Cerita Asintel Kejati Riau Awal Kasus Duta Palma Grup: Handphone Terus Berdering Hingga Perkara Diambil Alih Kejagung
SABANGMERAUKE NEWS, Pekanbaru - Asisten Intelijen Kejaksaan Tinggi Riau, Raharjo Budi Kisnanto mengungkap alasan Kejaksaan Agung memproses secara hukum bos Duta Palma Grup Surya Darmadi. Korps Adhyaksa melakukan penegakan hukum terhadap korporasi sawit di Indragiri Hulu itu, meski sudah ada mekanisme penyelesaian kebun kelapa sawit dalam kawasan hutan yang diatur dalam Undang-undang Cipta Kerja yang menganut asas ultimum remedium.

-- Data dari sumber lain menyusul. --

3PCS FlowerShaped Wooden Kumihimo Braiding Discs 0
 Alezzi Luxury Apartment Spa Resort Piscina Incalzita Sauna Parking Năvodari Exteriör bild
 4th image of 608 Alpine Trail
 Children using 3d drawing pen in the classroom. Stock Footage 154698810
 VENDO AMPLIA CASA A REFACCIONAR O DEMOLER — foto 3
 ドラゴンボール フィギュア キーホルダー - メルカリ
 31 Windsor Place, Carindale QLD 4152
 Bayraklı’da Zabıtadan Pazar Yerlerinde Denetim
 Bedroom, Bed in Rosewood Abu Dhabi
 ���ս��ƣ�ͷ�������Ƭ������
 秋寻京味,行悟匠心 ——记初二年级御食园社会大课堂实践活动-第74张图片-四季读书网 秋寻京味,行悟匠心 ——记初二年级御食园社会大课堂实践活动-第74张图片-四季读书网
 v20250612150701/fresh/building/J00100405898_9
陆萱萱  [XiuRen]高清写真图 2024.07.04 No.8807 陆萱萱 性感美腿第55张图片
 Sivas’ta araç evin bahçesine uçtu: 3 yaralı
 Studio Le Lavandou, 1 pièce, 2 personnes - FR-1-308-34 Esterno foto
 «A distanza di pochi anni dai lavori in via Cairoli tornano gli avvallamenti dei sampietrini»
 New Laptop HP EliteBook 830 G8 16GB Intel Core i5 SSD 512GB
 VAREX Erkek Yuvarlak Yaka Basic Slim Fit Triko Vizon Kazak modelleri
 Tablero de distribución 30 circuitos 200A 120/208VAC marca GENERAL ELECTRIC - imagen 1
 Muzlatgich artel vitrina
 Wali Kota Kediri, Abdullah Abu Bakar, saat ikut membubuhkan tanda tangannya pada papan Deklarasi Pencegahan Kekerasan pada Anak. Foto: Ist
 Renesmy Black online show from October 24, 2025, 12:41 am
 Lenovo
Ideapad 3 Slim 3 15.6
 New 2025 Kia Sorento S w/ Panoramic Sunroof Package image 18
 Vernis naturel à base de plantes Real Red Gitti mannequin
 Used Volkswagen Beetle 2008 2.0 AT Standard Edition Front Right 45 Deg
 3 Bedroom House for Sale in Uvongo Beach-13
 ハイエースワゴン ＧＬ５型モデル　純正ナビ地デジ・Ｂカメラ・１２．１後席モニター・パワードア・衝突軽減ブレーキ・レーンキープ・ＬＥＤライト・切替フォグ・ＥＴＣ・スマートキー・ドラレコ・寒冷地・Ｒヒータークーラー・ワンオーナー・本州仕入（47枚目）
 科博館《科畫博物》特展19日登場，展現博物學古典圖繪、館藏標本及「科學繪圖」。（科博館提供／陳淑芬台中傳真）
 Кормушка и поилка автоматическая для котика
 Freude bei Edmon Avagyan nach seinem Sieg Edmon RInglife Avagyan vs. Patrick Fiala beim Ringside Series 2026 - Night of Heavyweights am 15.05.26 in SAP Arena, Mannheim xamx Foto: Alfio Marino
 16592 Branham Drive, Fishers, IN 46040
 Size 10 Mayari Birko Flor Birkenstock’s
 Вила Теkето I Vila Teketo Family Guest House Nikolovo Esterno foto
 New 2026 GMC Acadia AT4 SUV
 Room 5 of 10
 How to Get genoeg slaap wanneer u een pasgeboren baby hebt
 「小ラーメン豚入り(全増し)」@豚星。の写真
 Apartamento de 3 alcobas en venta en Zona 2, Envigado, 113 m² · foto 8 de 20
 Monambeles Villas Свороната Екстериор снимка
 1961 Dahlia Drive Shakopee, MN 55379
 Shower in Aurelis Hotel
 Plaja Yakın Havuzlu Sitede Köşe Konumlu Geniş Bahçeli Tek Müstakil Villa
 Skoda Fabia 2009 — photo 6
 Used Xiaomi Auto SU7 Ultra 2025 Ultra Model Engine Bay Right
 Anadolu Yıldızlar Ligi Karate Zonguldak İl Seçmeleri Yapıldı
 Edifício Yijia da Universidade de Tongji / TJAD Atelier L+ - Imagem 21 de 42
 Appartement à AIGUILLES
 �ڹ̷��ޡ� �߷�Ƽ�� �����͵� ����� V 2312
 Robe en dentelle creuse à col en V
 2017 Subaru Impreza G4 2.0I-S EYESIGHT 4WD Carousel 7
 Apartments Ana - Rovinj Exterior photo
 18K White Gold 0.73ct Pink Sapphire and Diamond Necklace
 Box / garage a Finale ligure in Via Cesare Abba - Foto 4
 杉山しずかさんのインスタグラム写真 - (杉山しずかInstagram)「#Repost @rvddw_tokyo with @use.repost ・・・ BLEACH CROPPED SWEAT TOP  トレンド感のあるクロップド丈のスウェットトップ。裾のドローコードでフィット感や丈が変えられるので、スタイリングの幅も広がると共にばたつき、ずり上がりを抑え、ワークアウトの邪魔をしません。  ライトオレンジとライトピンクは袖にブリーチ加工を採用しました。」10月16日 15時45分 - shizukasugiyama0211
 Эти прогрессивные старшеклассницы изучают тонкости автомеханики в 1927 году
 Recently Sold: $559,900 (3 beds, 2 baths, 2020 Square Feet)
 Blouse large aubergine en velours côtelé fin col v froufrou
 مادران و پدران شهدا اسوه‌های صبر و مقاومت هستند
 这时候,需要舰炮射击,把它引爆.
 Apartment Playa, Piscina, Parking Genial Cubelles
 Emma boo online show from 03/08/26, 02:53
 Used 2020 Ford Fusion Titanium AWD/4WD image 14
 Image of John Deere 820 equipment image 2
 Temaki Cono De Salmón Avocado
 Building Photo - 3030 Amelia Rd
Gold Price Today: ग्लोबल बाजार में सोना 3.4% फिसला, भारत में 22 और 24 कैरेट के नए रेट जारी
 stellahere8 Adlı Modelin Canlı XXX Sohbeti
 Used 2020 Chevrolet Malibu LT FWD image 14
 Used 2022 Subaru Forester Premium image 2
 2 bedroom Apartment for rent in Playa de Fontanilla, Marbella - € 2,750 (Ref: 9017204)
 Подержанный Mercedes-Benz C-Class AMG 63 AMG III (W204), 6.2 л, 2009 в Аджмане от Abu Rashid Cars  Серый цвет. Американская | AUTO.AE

Raharjo menjelaskan, kasus Duta Palma Grup pada awalnya sempat masuk ke Kejati Riau. Namun dalam perkembangannya diduga terjadi intervensi dalam penanganan kasus tersebut. Hingga akhirnya perkara itu dilimpahkan ke Kejaksaan Agung saat Kejati Riau dijabat oleh Mia Amiati yang kini bertugas sebagai Kajati Jawa Timur.
"Telepon saya berdering terus saat itu. Banyak masuk telepon. Makanya saat itu sering saya matikan handphone. Akhirnya diputuskan oleh pimpinan Ibu Kajati saat itu untuk diambil alih penanganannya langsung oleh Kejaksaan Agung," kata Raharjo dalam diskusi UU Cipta Kerja yang dilaksanakan BEM Universitas Lancang Kuning (Unilak), Sabtu (26/11/2022).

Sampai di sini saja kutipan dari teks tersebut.